-- Data for this exercise --
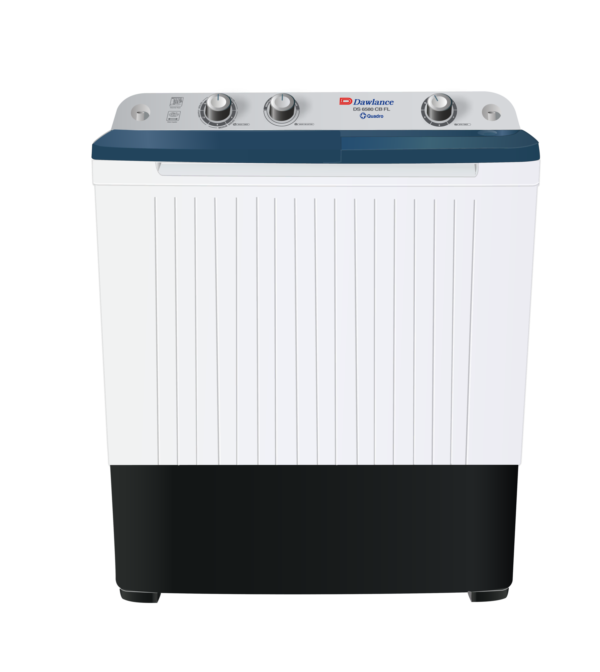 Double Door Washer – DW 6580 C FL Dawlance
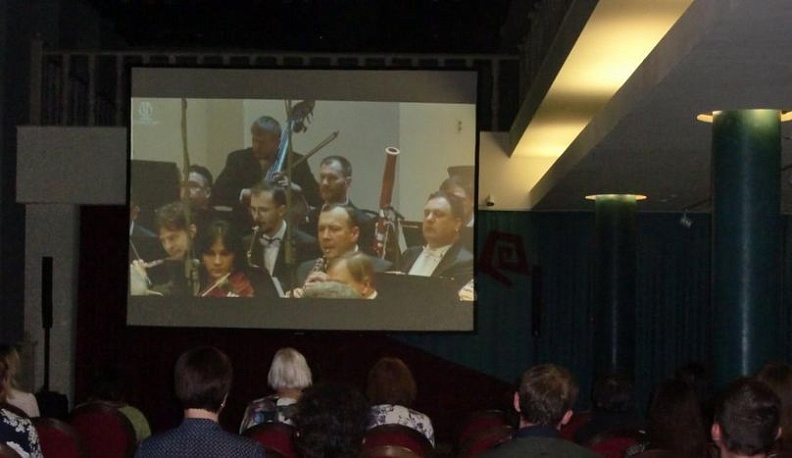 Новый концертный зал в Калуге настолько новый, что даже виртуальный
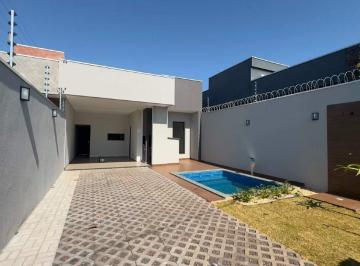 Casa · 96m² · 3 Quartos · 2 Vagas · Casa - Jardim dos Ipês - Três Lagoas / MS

...

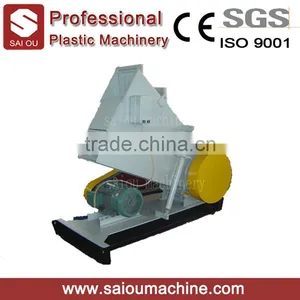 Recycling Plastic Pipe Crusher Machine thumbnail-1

-- Task requirements --
Go to the line above that contains "Double Door Washer – DW 6580 C FL Dawlance" and reproduce everything exactly from there through the line that contains "Casa · 96m²", leaving out the pictures.

-- Reply --
 Double Door Washer – DW 6580 C FL Dawlance
 Новый концертный зал в Калуге настолько новый, что даже виртуальный
 Casa · 96m² · 3 Quartos · 2 Vagas · Casa - Jardim dos Ipês - Três Lagoas / MS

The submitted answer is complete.